Moonsetter for Louis Poulsen
Moonsetter for Louis Poulsen
Fab Bench
DESIGNER OF THE DAY

Designer of the Day: Anne Boysen

Anne Boysen strives to transform complexity into simple and playful objects with an emotional resonance that invites a deeper understanding of what surrounds us. Perhaps best embodying this notion is Moonsetter, an interactive new luminaire that cleverly employs simple shapes—a square, circle, and cylinder—and was inspired by a ray of moonlight shining through the curtains. After its prototype came to light on “Denmark’s Next Classic” and won the entire show, Moonsetter is now enjoying a wide release through Louis Poulsen.

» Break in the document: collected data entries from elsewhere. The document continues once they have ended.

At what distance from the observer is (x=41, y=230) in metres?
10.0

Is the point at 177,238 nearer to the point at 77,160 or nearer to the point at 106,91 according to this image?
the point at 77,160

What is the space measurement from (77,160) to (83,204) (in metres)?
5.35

Anne Boysen strives to transform complexity into simple and playful objects with an emotional resonance that invites a deeper understanding of what surrounds us. Perhaps best embodying this notion is Moonsetter, an interactive new luminaire that cleverly employs simple shapes—a square, circle, and cylinder—and was inspired by a ray of moonlight shining through the curtains. After its prototype came to light on “Denmark’s Next Classic” and won the entire show, Moonsetter is now enjoying a wide release through Louis Poulsen.

Here, we ask designers to take a selfie and give us an inside look at their life.

Age: 42

Occupation: Designer.

Instagram: @anneboysendk

Hometown: Koege, Denmark.

Studio location: Attached to my home in Koege.

Describe what you make: I transform complexity into playful and intuitive design.

Moonsetter for Louis Poulsen
Moonsetter for Louis Poulsen

The most important thing you’ve designed to date: Moonsetter, now made by Louis Poulsen. It has all the things I do: design, architecture, and art.

Describe the problem your work solves: I want to create objects with a simple design language serving form and function. And as I have a penchant for graphic forms, because they are so elementary that everyone gets them and because we will also use them 50 years from now, I take complex ideas and simplify them as far as they can go. Everything in my work has a function, a raison d’être.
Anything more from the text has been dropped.